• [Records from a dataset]
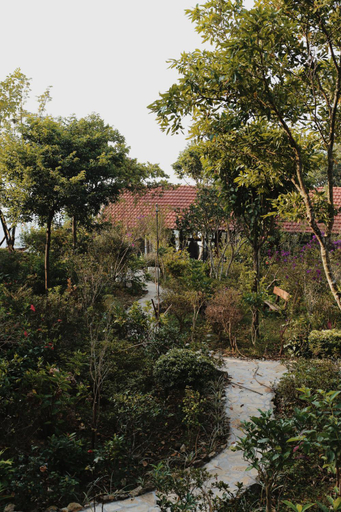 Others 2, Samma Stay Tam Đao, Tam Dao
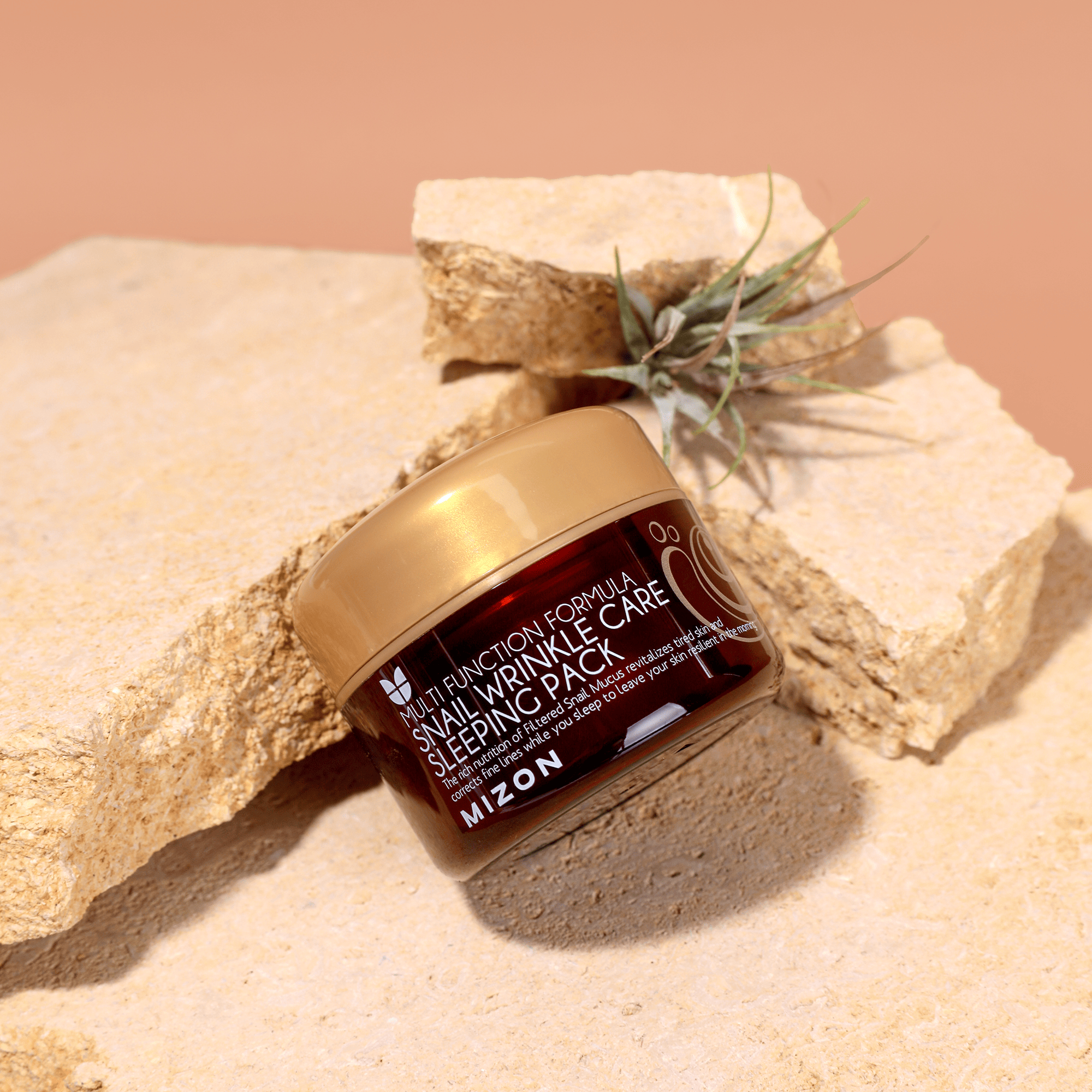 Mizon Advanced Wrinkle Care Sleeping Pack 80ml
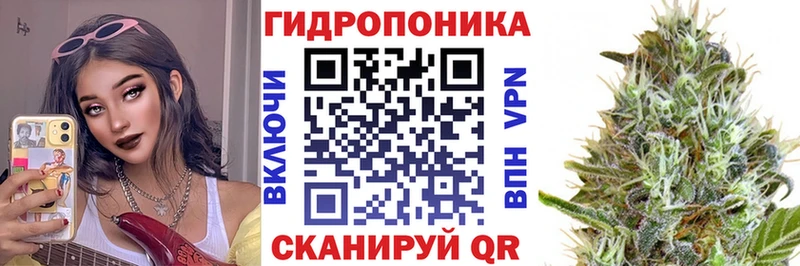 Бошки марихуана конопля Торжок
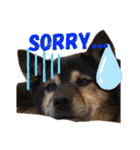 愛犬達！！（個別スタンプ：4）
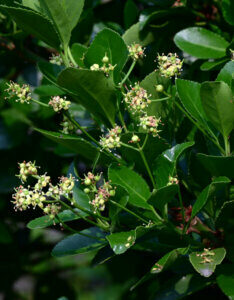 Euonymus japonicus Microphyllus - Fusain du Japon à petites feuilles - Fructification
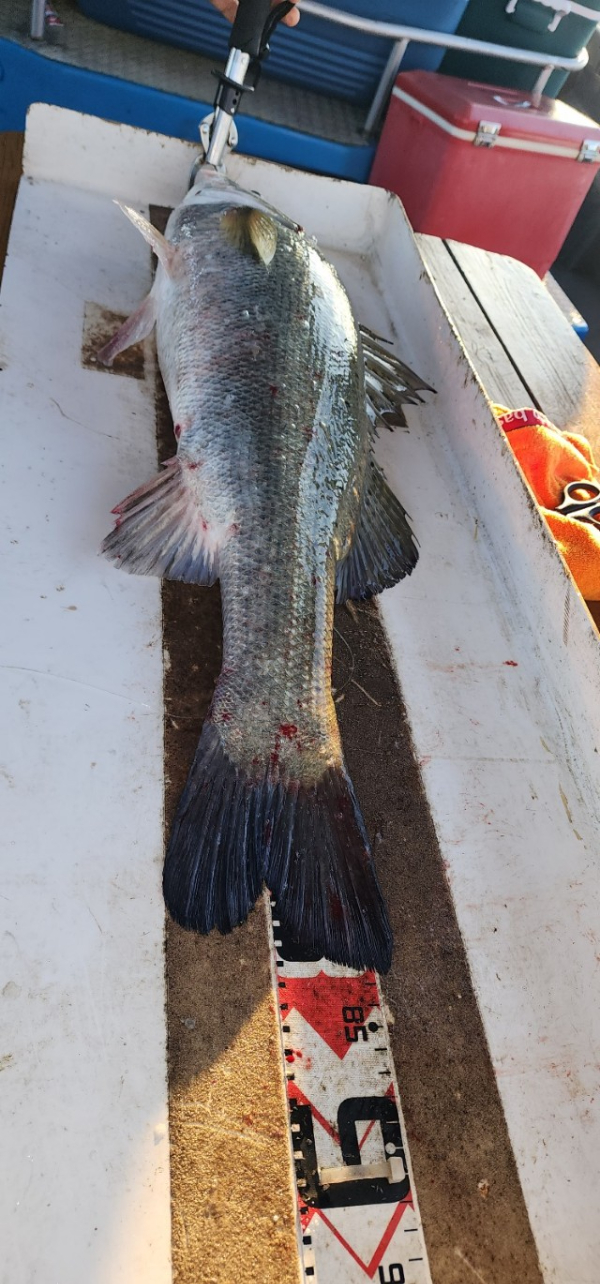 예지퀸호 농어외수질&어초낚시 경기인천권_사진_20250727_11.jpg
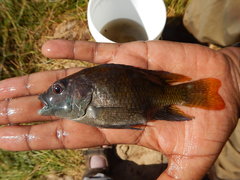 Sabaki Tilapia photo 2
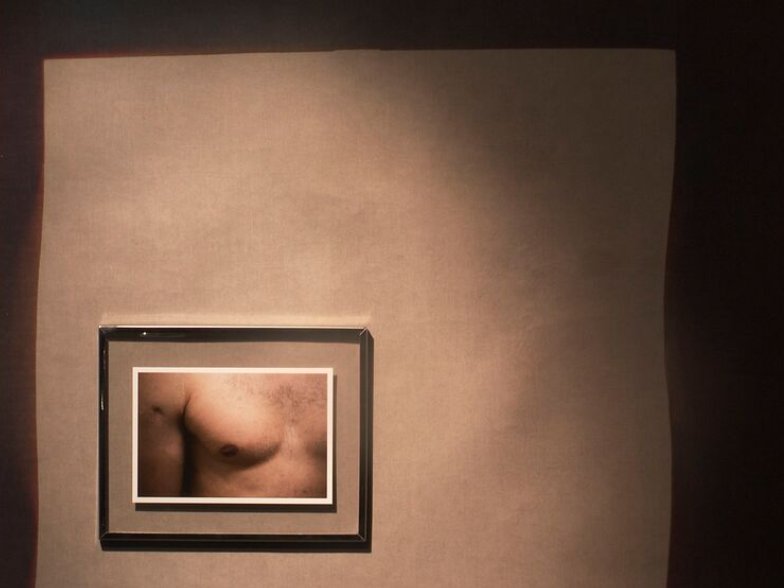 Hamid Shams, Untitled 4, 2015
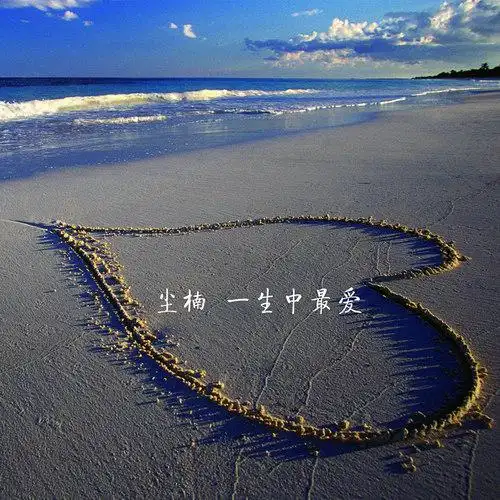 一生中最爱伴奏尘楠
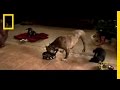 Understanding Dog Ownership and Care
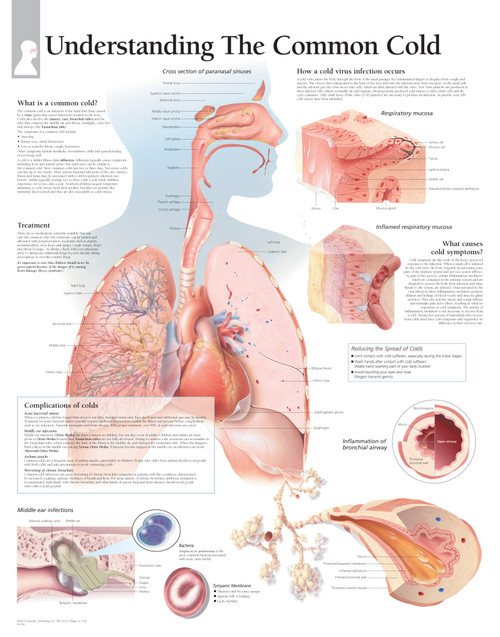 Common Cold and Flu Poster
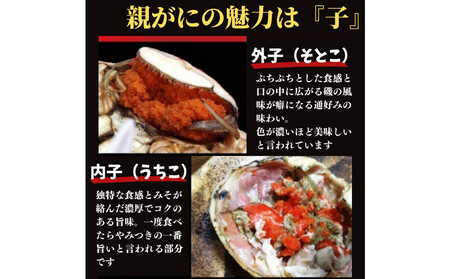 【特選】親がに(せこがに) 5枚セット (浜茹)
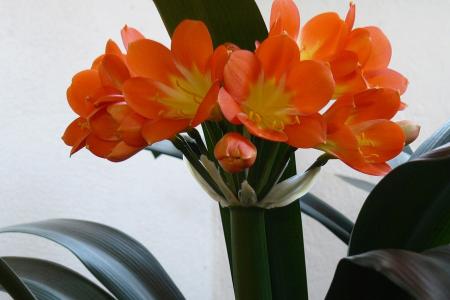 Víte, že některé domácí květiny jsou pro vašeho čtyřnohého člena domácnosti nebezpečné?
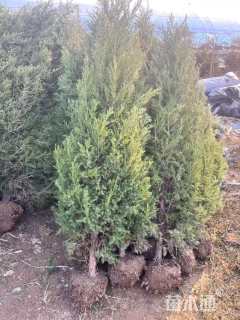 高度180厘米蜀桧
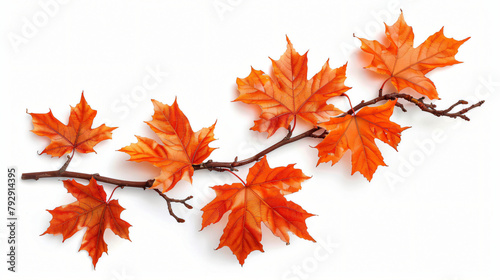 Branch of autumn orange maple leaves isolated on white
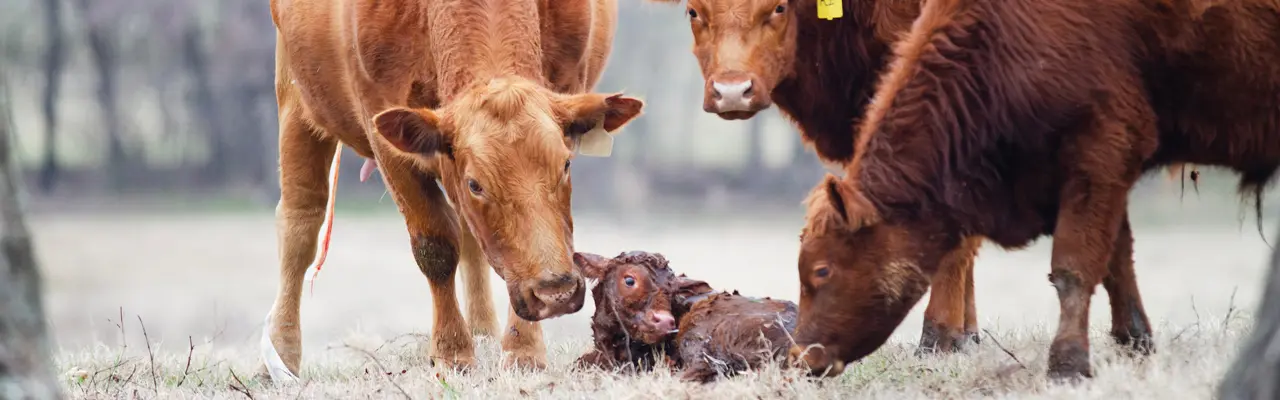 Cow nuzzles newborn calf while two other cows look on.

• [What you have to do] The data shown above must be printed again exactly, with no images included.

• [Worked solution]
 Others 2, Samma Stay Tam Đao, Tam Dao
 Mizon Advanced Wrinkle Care Sleeping Pack 80ml
 Бошки марихуана конопля Торжок
 愛犬達！！（個別スタンプ：4）
 Euonymus japonicus Microphyllus - Fusain du Japon à petites feuilles - Fructification
 예지퀸호 농어외수질&어초낚시 경기인천권_사진_20250727_11.jpg
 Sabaki Tilapia photo 2
 Hamid Shams, Untitled 4, 2015
 一生中最爱伴奏尘楠
 Understanding Dog Ownership and Care
 Common Cold and Flu Poster
 【特選】親がに(せこがに) 5枚セット (浜茹)
 Víte, že některé domácí květiny jsou pro vašeho čtyřnohého člena domácnosti nebezpečné?
 高度180厘米蜀桧
 Branch of autumn orange maple leaves isolated on white
 Cow nuzzles newborn calf while two other cows look on.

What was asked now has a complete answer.